AVX already contains some instructions to act on __m256i. So we make use of them in AVX. For the other instructions that are only supported on AVX2, we emulate it using AVX/SSE instructions.

intern/cycles/util/util_avxi.h
30

I would leave m128i to be declared always
m256i can be questionable if not KERNEL_AVX2 and here I would focus on "emulation" , as you said above

intern/cycles/util/util_avxi.h
30

So you just want to remove the preprocessor directive from the union?

Why is m256i questionable if not KERNEL_AVX2? There is no penalty from SSE-AVX mixing because all instructions will be VEX.

I can measure about 10% speedup on my Xeon E5-2699 v4 (i've put number of samples to 1024 to get more reliable timings and master renders in 50.74258 sec, this patch in 46.47736 sec).

As for avxi, stick to Embree as close as possible, at least for now.
In a longer term would be nice to consolidate float4 and ssef, float8 with avxf and so on. And that's where some emulation might become helpful, but should always be very careful with that.

@Sergey Sharybin (sergey) It seems I can measure similar performance gains on my setup as well. I can also measure about 23% performance gain in 4D noise.

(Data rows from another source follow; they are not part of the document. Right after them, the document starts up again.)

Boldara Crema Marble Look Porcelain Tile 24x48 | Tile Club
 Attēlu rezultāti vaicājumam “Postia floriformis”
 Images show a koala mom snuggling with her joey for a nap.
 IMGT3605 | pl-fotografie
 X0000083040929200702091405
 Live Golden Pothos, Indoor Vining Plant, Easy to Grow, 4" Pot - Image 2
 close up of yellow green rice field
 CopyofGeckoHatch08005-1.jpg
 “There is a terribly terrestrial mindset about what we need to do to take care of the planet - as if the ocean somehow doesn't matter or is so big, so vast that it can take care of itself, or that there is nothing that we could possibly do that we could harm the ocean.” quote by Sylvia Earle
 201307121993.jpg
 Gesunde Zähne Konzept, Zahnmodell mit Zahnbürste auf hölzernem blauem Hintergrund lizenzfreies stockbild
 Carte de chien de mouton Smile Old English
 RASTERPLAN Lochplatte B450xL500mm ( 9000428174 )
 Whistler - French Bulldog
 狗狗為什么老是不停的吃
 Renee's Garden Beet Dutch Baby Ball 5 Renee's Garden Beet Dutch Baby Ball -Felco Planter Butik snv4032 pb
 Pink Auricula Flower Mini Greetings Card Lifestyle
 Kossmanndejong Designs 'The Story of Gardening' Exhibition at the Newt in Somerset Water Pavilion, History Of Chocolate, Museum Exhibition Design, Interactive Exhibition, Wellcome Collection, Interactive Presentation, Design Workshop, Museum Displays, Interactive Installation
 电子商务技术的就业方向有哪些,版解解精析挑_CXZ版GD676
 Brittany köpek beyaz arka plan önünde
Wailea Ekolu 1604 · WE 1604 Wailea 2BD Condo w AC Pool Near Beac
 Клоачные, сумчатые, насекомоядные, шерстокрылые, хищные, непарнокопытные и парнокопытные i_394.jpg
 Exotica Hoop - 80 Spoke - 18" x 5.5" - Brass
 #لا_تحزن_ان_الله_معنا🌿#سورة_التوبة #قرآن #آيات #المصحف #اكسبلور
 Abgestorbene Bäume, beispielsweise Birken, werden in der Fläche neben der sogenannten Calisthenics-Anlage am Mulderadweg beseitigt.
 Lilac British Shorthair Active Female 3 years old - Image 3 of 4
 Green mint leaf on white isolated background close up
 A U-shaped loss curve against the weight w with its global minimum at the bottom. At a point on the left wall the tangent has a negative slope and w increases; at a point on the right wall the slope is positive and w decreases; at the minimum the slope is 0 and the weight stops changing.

To clarify, util_avxi.h is exactly the same as the Embree one, aside from some additional needed functions like cast and ^=. Also, Embree choose a certain header based on support for AVX2:

#if defined (__AVX_I__)
#include "simd/avxi.h"
#else
#include "simd/avxi_emu.h"
#endif

All I did was combine avxi.h and avxi_emu.h in the same file with inline preprocessor checks. Because both files share a lot of the contents and I didn't want to duplicate code.

One question though. In the util files, we have:

#ifndef __UTIL_AVXI_H__
#  define __UTIL_AVXI_H__

CCL_NAMESPACE_BEGIN

...
...
...

#endif

CCL_NAMESPACE_END

Why does CCL_NAMESPACE_END exist outside of the ifndef block?

Max (maxim_d33) added inline comments.Wed, Feb 5, 4:14 PM
intern/cycles/util/util_avxi.h
30

yes

if not KERNEL_AVX2 - it doesnt make sense to have __m256i m256;

intern/cycles/util/util_avxi.h
30

But why? Why would we emulate __m256i instructions using SEE instructions?

Max (maxim_d33) added inline comments.Wed, Feb 5, 4:31 PM
intern/cycles/util/util_avxi.h
30

__m256i is data type mappable to HW, ignore any emulation here.

I still dont understand why union sometimes excludes __m128i
which is always present.

Why does CCL_NAMESPACE_END exist outside of the ifndef block?

Looks like a mistake.

  • Move CCL_NAMESPACE_END inside ifndef block in util_avx{b, f, i}.h.